DOI : https://doi.org/10.5281/zenodo.18482487
- Open Access

- Authors : A.Srilatha, Dr. Ranga Swamy Sirisati
- Paper ID : IJERTV15IS010588
- Volume & Issue : Volume 15, Issue 01 , January – 2026
- DOI : 10.17577/IJERTV15IS010588
- Published (First Online): 04-02-2026
- ISSN (Online) : 2278-0181
- Publisher Name : IJERT
- License:
This work is licensed under a Creative Commons Attribution 4.0 International License
A Spatio-Temporal Transformer Framework for High-Resolution Crop Yield Prediction Across Agro-Climatic Zones: Survey
A. Srilatha
Research Scholar, Department of CSE, Bharatiya Engineering Science and Technology Innovation University, Gownivaripalli, Gorantla in Andhra Pradesh
Dr. Ranga Swamy Sirisati
Associate Professor , Department of CSE , Vignans Institute Of Management and Technology For Women, Ghatkesar, Medchal, Telangana
Abstract : Accurate crop yield prediction is a cornerstone of modern precision agriculture, enabling proactive decision-making for food security, supply-chain optimization, and climate-resilient farming. Traditional statistical models and conventional machine learning approaches are limited in their ability to model complex, nonlinear, and long-range dependencies inherent in agro-climatic systems. Recent advances in deep learning, particularly transformer-based architecture, have demonstrated remarkable performance in modeling spatio-temporal dependencies across diverse domains. This paper presents an extensive study on crop yield prediction using a spatio- temporal transformer framework capable of integrating multi-modal datasets such as satellite imagery, weather observations, soil characteristics, and historical yield records. A comprehensive literature survey is conducted to examine existing machine learning, deep learning, and attention-based models. Based on the identified research gaps, multiple transformer-driven methodologies are proposed with mathematical formulations. Comparative analysis using reported metrics from prior studies highlights the superiority of transformer-based models in terms of accuracy, scalability, and robustness across agro-climatic zones.
Keywords:
Crop Yield Prediction, Spatio-Temporal Transformers, Precision Agriculture, Deep Learning, Multi-Modal Data
- INTRODUCTION
Agriculture remains one of the most critical sectors for global economic stability and human sustenance. Accurate prediction of crop yield plays a vital role in food security planning, market regulation, insurance assessment, and climate adaptation strategies. However, crop productivity is influenced by a complex interplay of spatial and temporal factors including soil conditions, weather patterns, vegetation dynamics, and agronomic practices. Traditional yield prediction approaches relied heavily on empirical statistical models and linear regression techniques, which are often insufficient under dynamic climatic conditions. Machine learning models such as Random Forests and Support Vector Machines improved prediction accuracy but still struggle with temporal dependencies and spatial heterogeneity. Deep learning models, particularly CNN-LSTM hybrids, partially address these challenges but are limited by fixed receptive fields and vanishing gradient issues.

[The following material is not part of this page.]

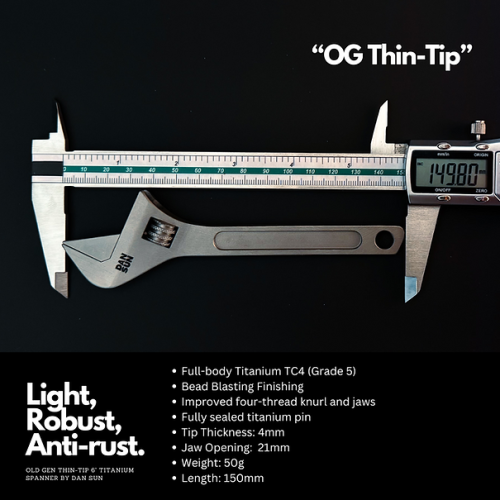 Old Gen Thin-Tip Titanium Adjustable Spanner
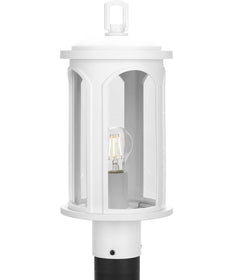 Gables 1-Light Coastal Clear Glass Outdoor Post Light Satin White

Transformer architecture, originally proposed for natural language processing, employ self-attention mechanisms that allow efficient modeling of long-range dependencies.
Recent research indicates that spatio-temporal transformers can effectively capture complex interactions in agricultural datasets, making them highly suitable for high-resolution crop yield prediction across diverse agro-climatic zones.
- DATASETS FOR CROP YIELD PREDICTION
Crop yield prediction relies on heterogeneous datasets collected from multiple sources and scales. This study considers widely used and publicly available datasets to ensure reproducibility and scalability.
- USDA NASS Dataset: Provides county-level crop yield statistics for maize, wheat, and soybean across multiple decades.
- MODIS Satellite Data: Offers vegetation indices such as NDVI and EVI with high temporal frequency, enabling crop health monitoring.
- ERA5 Climate Reanalysis Dataset: Supplies hourly and daily meteorological variables including temperature, precipitation, wind speed, and solar radiation.
- Soil-Grids Dataset: Contains global soil property maps including organic carbon content, texture, moisture, and pH values.
- Indian Ministry of Agriculture Statistics: Provides district-wise seasonal crop yield data useful for regional modeling. The integration of these datasets enables comprehensive spatio-temporal representation of agricultural systems.
- LITERATURE SURVEY
Numerous studies have explored crop yield prediction using data-driven approaches. Early studies employed statistical regression and time-series models such as ARIMA, which were limited by linear assumptions. Machine learning techniques including Random Forests, Gradient Boosting, and Support Vector Regression improved performance by capturing nonlinear relationships. Deep learning approaches marked a significant shift in yield prediction research. Convolutional Neural Networks were applied to satellite imagery for spatial feature extraction, while Recurrent Neural Networks and LSTMs modeled temporal dependencies. Hybrid CNN- LSTM models demonstrated improved accuracy but suffered from scalability and long-term dependency limitations. Recent works have incorporated attention mechanisms and transformer architectures. Spatio-temporal attention models have shown enhanced interpretability and performance. Transformers, with their global self-attention capability, have emerged as a promising solution for high-resolution, multi-modal crop yield forecasting.
- RESEARCH GAPS
Despite significant advancements, several challenges remain unresolved:
- Limited adoption of transformer architectures tailored for agricultural datasets.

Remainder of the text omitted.